(From Yoga and Mindfulness Workshop 5th May 2018)
I had recently had a chance to talk to a consultant psychiatrist from North Devon Hospital. Mindfulness is now in the mainstream NHS mental health strategy. It is recommended by NICE (National Institute for Health and Care Excellence) as a way to prevent depression in people who suffered three or more bouts of depression. ( NHS link is here.)
He said once he was in a discussion with a friend from Sri Lanka. When he mentioned about the recent NHS’s take on mindfulness, his friend laughed. She said ‘But it’s something we knew for 2000 years.’
We have no problem controlling our limbs. We can touch our nose or not to touch our nose as we choose. So how come it’s so difficult to control our thoughts? I mean, can you really not to think about a crocodile if I tell you not to?

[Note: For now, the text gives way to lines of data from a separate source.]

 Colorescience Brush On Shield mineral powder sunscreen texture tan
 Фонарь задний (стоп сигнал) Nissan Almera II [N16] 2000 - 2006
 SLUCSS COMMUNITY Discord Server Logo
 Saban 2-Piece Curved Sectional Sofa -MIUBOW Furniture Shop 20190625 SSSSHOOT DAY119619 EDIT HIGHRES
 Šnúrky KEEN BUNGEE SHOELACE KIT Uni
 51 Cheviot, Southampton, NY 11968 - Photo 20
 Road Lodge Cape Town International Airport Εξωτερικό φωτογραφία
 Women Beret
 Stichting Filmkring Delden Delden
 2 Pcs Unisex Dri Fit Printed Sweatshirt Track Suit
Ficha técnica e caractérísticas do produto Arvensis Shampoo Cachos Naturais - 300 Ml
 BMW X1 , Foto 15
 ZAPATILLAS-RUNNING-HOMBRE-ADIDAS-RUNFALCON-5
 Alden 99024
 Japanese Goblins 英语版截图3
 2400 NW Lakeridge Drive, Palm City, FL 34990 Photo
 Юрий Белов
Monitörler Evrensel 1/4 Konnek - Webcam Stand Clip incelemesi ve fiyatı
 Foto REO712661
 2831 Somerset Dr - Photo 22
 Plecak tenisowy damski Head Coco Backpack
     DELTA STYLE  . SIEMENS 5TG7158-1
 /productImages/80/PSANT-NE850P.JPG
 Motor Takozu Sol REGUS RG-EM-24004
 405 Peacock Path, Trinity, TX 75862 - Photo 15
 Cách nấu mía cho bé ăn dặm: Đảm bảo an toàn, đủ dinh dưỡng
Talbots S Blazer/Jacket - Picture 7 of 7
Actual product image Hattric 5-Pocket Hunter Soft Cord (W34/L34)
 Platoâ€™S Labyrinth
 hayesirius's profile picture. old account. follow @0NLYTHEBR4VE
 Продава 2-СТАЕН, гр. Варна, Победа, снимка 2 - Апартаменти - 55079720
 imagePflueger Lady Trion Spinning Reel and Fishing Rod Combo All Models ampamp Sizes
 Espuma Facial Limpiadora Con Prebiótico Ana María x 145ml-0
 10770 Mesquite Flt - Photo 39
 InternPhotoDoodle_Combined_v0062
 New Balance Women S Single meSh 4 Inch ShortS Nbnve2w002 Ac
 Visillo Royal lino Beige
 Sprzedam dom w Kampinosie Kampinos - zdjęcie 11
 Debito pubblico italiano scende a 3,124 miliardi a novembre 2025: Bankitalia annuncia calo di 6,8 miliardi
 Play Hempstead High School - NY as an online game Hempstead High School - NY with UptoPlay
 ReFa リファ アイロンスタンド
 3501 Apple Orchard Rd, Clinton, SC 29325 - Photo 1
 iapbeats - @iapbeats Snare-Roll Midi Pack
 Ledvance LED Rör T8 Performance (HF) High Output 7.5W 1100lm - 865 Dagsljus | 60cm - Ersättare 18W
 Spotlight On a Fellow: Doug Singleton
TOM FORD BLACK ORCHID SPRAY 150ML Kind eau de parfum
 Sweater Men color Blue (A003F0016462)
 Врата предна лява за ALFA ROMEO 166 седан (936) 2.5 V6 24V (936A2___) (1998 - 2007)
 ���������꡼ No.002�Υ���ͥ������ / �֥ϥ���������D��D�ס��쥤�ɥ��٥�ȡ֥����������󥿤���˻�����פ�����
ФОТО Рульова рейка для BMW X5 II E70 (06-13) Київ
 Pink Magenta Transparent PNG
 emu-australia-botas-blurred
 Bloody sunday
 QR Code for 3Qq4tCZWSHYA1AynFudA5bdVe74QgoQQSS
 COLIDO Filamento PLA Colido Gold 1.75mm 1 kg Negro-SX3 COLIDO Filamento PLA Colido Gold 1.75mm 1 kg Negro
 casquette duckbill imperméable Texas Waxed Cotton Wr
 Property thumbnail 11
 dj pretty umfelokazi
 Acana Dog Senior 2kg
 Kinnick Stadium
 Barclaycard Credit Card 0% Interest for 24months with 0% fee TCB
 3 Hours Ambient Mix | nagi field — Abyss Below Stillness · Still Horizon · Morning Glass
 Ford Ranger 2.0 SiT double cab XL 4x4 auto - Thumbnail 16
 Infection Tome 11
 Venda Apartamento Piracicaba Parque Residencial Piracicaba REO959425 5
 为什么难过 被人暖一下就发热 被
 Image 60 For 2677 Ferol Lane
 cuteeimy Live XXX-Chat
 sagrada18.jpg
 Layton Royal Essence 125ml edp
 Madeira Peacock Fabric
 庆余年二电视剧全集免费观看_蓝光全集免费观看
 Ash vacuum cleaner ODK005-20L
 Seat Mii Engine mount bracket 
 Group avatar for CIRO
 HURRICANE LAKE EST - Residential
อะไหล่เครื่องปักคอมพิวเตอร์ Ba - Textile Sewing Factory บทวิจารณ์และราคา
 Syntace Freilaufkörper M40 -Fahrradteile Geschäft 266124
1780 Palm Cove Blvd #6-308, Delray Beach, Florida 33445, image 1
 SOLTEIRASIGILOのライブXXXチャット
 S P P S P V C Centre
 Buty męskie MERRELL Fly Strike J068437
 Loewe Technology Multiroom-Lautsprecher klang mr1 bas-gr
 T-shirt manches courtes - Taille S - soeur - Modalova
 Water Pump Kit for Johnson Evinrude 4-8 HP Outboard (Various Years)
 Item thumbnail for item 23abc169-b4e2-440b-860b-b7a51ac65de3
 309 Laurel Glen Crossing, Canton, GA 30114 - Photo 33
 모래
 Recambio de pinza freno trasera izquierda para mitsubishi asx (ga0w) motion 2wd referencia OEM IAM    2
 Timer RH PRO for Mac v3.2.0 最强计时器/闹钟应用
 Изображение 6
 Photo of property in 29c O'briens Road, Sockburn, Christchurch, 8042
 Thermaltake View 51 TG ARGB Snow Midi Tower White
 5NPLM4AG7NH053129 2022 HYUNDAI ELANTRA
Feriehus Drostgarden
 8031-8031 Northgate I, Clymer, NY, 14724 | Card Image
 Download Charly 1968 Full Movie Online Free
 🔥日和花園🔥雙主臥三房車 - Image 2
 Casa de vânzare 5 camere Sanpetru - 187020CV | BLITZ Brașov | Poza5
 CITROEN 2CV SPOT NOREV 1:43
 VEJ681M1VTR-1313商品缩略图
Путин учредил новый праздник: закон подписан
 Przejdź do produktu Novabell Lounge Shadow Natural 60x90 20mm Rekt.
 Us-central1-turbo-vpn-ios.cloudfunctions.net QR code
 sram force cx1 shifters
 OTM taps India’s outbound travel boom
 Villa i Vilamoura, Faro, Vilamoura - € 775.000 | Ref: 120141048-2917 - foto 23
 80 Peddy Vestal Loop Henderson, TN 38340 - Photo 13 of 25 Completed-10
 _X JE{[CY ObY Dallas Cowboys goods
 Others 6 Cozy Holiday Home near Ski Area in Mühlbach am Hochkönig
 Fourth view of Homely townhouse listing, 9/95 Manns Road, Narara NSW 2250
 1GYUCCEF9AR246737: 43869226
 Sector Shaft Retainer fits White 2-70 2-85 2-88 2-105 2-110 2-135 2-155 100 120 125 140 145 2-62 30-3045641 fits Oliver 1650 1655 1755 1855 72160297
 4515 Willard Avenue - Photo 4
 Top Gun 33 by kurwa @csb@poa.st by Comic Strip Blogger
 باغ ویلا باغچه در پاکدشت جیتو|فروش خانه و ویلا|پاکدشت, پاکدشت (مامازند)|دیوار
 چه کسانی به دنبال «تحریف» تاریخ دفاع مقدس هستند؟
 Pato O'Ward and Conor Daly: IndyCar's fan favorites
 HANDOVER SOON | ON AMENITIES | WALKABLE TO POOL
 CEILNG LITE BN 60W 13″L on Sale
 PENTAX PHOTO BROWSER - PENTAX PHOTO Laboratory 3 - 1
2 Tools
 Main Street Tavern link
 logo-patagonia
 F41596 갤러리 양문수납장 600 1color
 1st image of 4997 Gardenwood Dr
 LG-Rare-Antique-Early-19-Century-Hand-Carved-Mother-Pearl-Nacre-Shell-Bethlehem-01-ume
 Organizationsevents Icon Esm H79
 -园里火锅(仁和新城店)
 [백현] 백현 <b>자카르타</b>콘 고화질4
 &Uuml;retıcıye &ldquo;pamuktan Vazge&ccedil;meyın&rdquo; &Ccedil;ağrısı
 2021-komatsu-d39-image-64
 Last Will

Indian mystic Sadhguru Jaggi Vasudev says that all the human sufferings, anxiety, stress, worry and depression, come from our memory and imagination. Because of our memory we suffer things which happened 10 years ago. Because of our imagination we pre-suffer things which may or may not happen in a month. It’s not that memory and imagination are bad, but we are just so bad at handling them. We are really not very good at controlling our mind.
In order to reduce suffering, in order to not to live life as a knee jerk reaction to whatever we happen to think, we need to practise. We need to learn to focus on the present moment, and not to let our mind wander and go after every fleeting event happening around us.
Mindfulness is the same as muscles. We need to practise.